- [Action item]:
For the records below, copy exactly the span that begins at the line containing "Zoe Kratzmann Maze Top" and stops after the line containing "Tôn Tượng Jigme", minus any pictures.

- [Records supplied]:
• • • • •

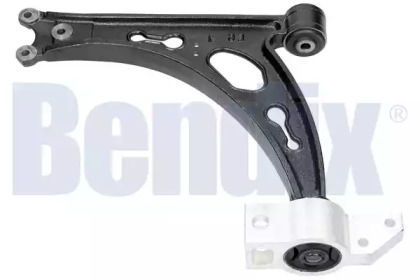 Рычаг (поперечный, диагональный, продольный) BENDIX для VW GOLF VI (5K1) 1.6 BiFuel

• • • • •

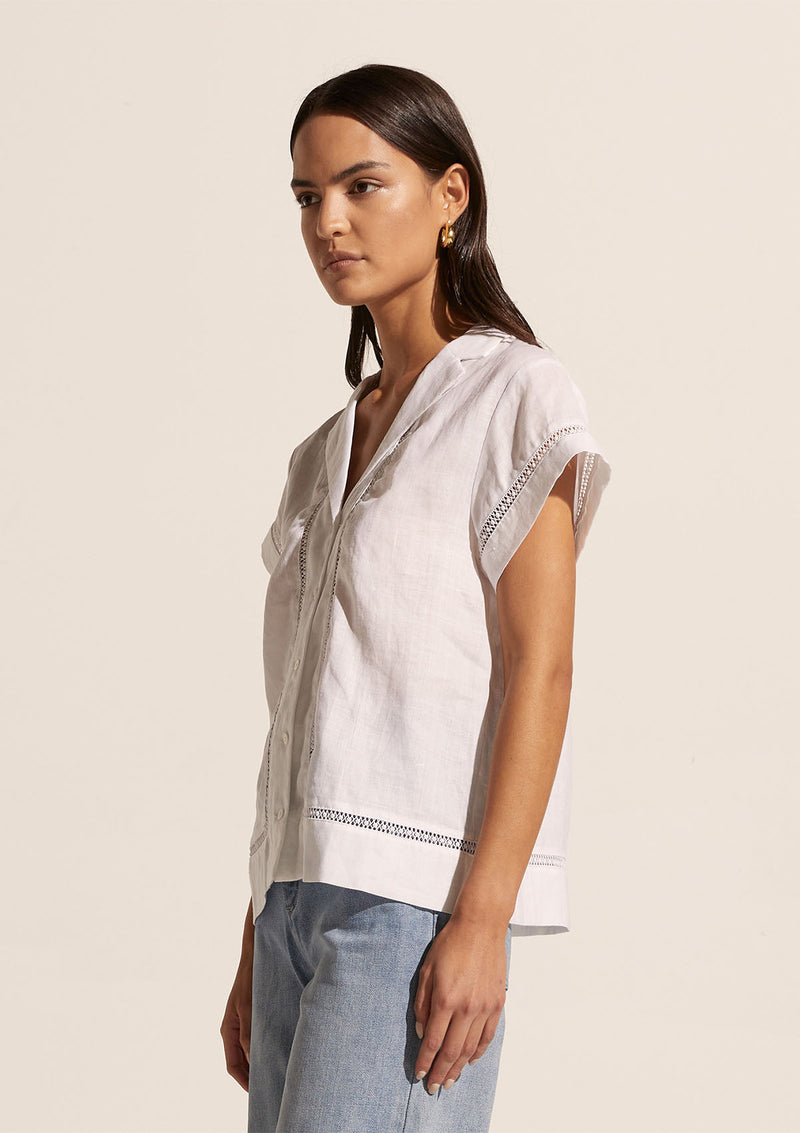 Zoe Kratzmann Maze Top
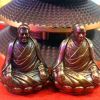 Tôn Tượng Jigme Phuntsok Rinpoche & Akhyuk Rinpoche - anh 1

• • • • •

- [Response to the task]:
 Zoe Kratzmann Maze Top
 Tôn Tượng Jigme Phuntsok Rinpoche & Akhyuk Rinpoche - anh 1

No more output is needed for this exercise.